There were cuts, pulls and drives from the middle of his meaty bat, punishing anything fractionally off-line or length and especially those that were off both.
He was not flawless.
Hooper quickly introduced the left-arm Pedro Collins, who was responsible for Tendulkar's ducks in Barbados and Antigua, and Tendulkar's top-edged hook off his second ball landed in unprotected territory at square-leg.
He was 34 when, driving through the line, he offered Collins a low, barely catchable return to his left which the bowler followed with a bouncer and a good claim for lbw from the next two balls.
But Collins was wicketless when Hooper called on Adam Sanford to replace him for his first spell.
Tendulkar promptly cover-drove the bounding Carib for his seventh boundary but it was his last. Essaying the same stroke from a ball of full length from the same bowler, he somehow got himself into a tangle.

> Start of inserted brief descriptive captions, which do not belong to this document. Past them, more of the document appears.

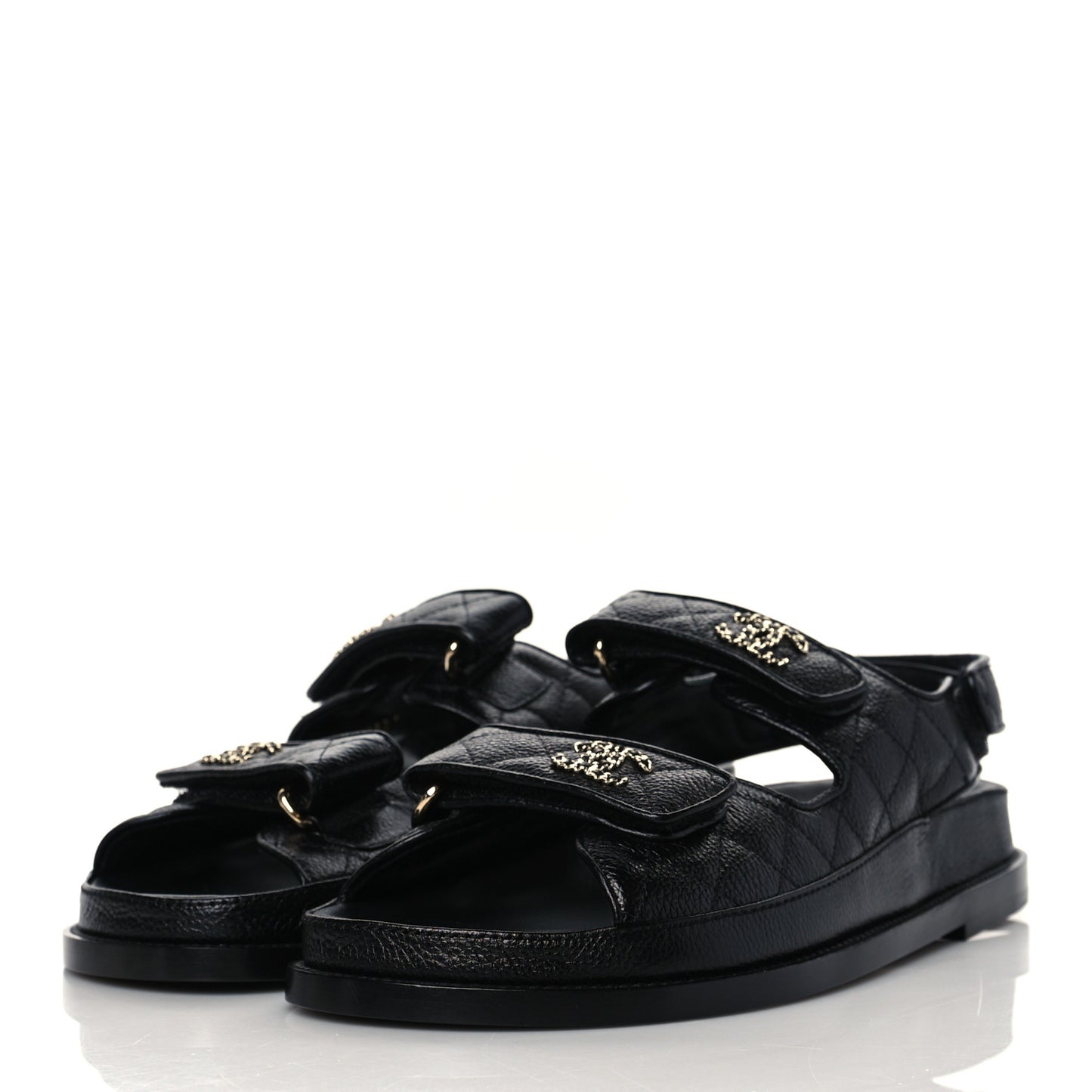 Grained Calfskin Velcro Dad Sandals 38.5 Black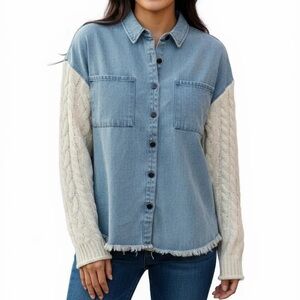 Blu pepper Sweater sleeve denim shirt Ladies size small Blue cream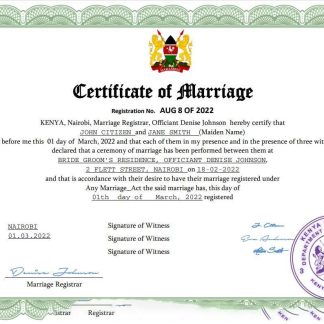 Kenya marriage certificate Word and PDF template download template file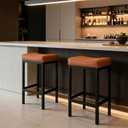 Set of 2 Backless Bar Stools 24 Inch, Modern Counter Height Stools with Soft Faux Leather Padded Saddle Seat, Heavy Duty 300LB Capacity for Kitchen Island,(01brown-24 Inch)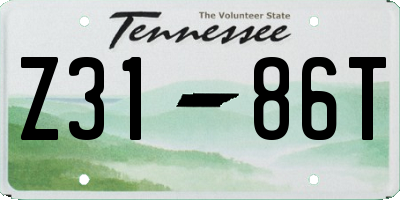 TN license plate Z3186T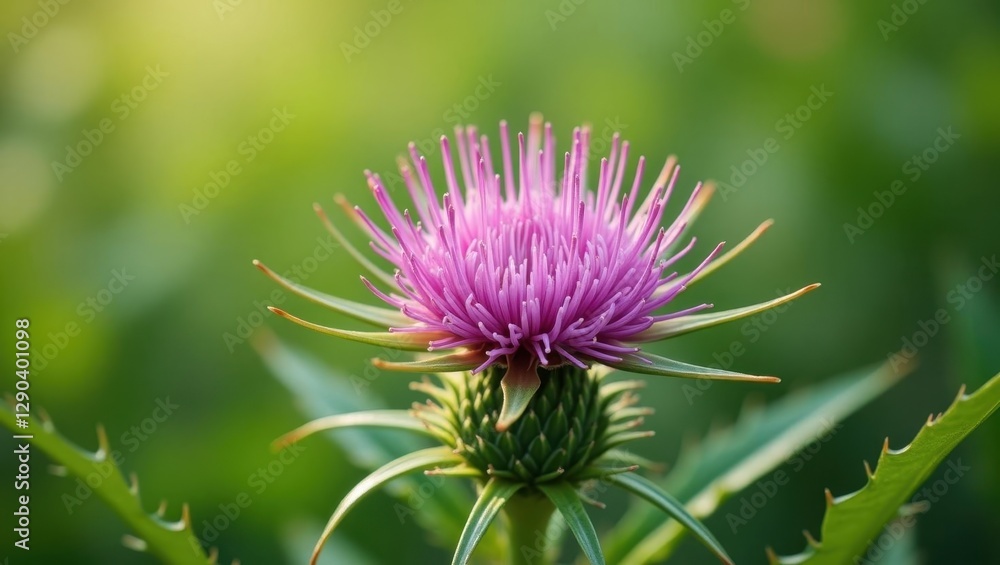 Milk Thistle. Flower is purple and green with green background Milk Thistle. Flower is purple and green with green background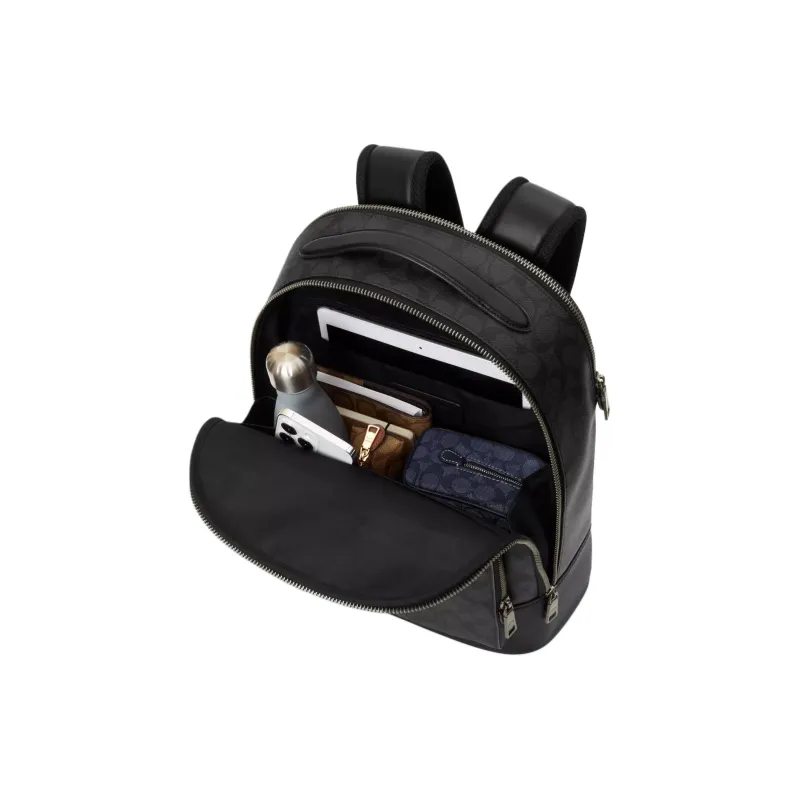 COACH ETHAN Cow Leather Patchwork With Fabric Backpack Large Size Men's Black-3
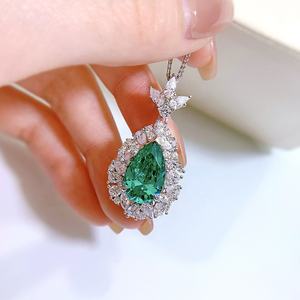 สร้อยคอจี้พลอยทรงหยดน้ำ 10x14 มม. เครื่องประดับพลอยสีสำหรับผู้หญิงที่ไม่เหมือนใคร |   การออกแบบที่เรียบง่ายและมีสไตล์ - Product Image 3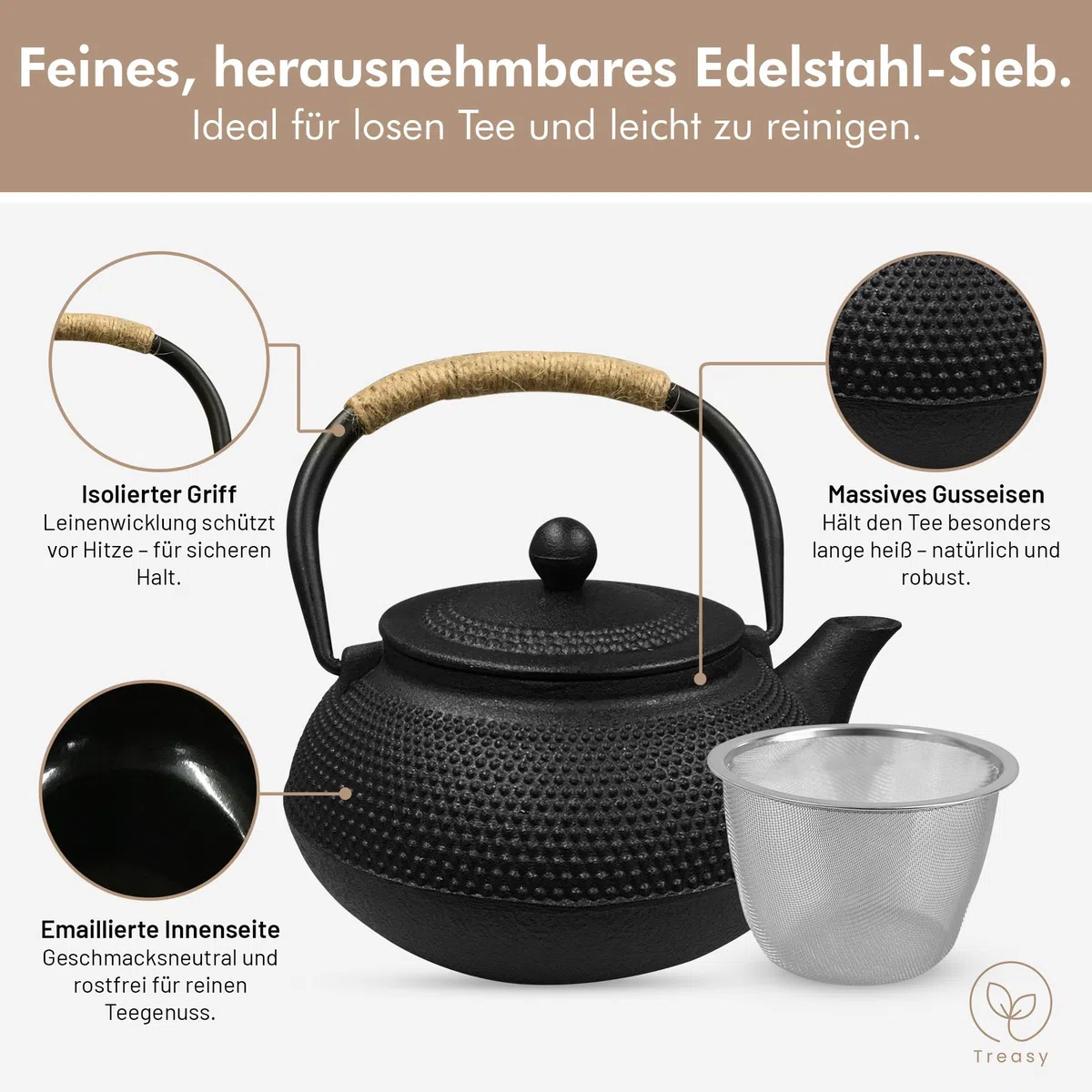 Treasy Teiera in ghisa 850 ml in stile giapponese - Teiera in ghisa con colino da tè in acciaio inox - Teiera in ferro nero per tè sfuso - Design tradizionale giapponese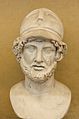 Image 14Marble bust of Pericles with a Corinthian helmet, Roman copy of a Greek original, Museo Chiaramonti, Vatican Museums; Pericles was a key populist political figure in the development of the radical Athenian democracy. (from Ancient Greece)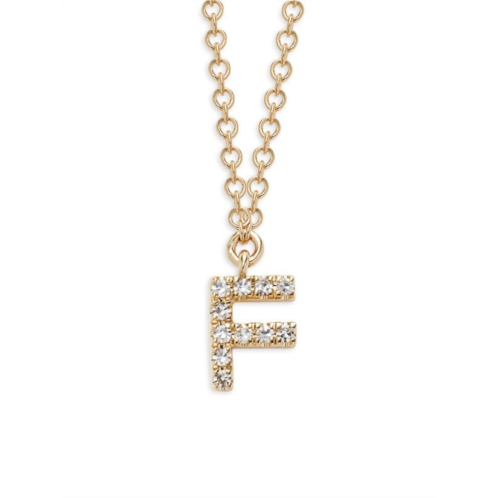 Saks Fifth Avenue 14K Yellow Gold & 0.04 TCW Diamond Letter Pendant Necklace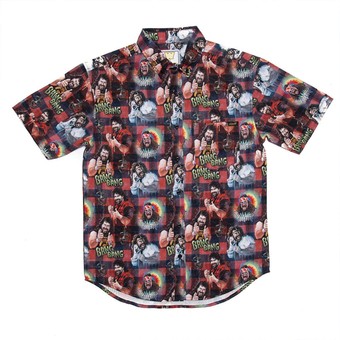 Men's Black/Red Mick Foley Faces of Foley Button-Down Shirt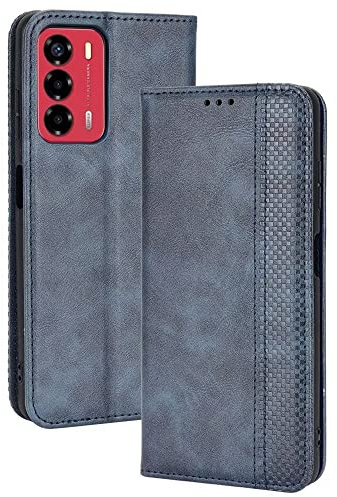 EASSGU Custodia per ZTE Blade A72 5G (6.52 Inches) Pelle PU Flip Folio Cover con Interruttore Magnetico, [3 Slot Schede] [1 Portafoglio] Case - Blu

The bat came down crooked and the ball diverted from its bottom edge into the stumps. Sabina, noisy at the worst of times, exploded with a cacaphony that could be heard in Montego Bay.
The hullaballo hadn't died down when Das, aiming to leg and across the line of a ball of good length from Cuffy, was clearly lbw.
It was the last wicket for the day for the West Indies as the left-handed Ganguly and Laxman played with few alarms.
The West Indies owed their final total as much to the assertive Jacobs as to the three young tyros of the previous day.
Adopting the method he knows best and that earned him his 118 in the previous Test he immediately took the attack to the bowlers.
He hoisted a four and a six over long-off with powerful, aerial strokes from successive balls during an over from Srinath that also contained four byes that sailed over the leaping wicket-keeper and cost 19.
The introduction of off-spinner Harbhajan Singh made no difference to him.
As Chanderpaul batted solidly at the other end to carry his series aggregate above 500, Jacobs continued his onslaught, twice lifting Harbhajan for six.
By the time Harbhajan gained his revenge and breached his back foot defence 20 minutes after lunch, the total was already past 400.
Harbhajan added the wickets of Dillon and Sanford to bring his haul to five for the innings.